Most theories these days are built by postulating what is called a “Lagrangian”, or equivalently, an “action”, and testing the predictions that result. The reason is that these mathematical entities, like Newton’s second law, specify the quantitative results of the theory.
Or do they? The key point of the theory of incomplete measurements is that there is another, big, overlooked part in doing such predictions, which is to understand the measurement processes we are predicting things about. This is totally implicit in all modern theories so far. When general relativity writes a space coordinate as “x”, it does not specify how “x” is measured, because all measurements are deemed equivalent. This is what the theory presented here challenges.
But the most interesting thing is that, by asking the question, and then attempting to answer it, the theory of incomplete measurements can deduce the largest part of the structure of the other theories. All, that is, but precisely the form of the Lagrangian, which is instead borrowed from existing theories.

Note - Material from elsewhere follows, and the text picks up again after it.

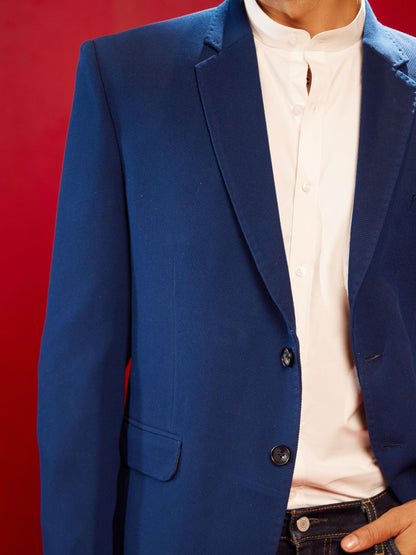 Men's Navy Blue Silk Blend Straight Blazer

More specifically, here are a few key results.
General relativity:
-
The properties usually attributed to space and time are actually properties of electromagnetic interactions.
-
We can build a space-time “continuum”, but it is built from quantized measurements of space and time.
-
Under reasonable conditions, laws of physics can be made to agree locally between various measurement processes.
-
However, this agreement will not in general hold at larger scale. The problem of “dark matter” may be an example of such a divergence.
Quantum mechanics:
-
Quantum mechanics is the necessary form of a probabilistic theory of measurements.
-
The theory shows why the wave-function is complex-valued, and gives an indication of what the meaning of its phase is.
-
The standard way of normalizing the wave-function is incorrect, leading to bogus infinities. The theory suggests a normalization condition that is equivalent in terms of measurement results, but does not diverge.
-
The quantum measurement problem is essentially eliminated. The mathematical answers like decoherence now answer a different question, which is: “why are there measurements”.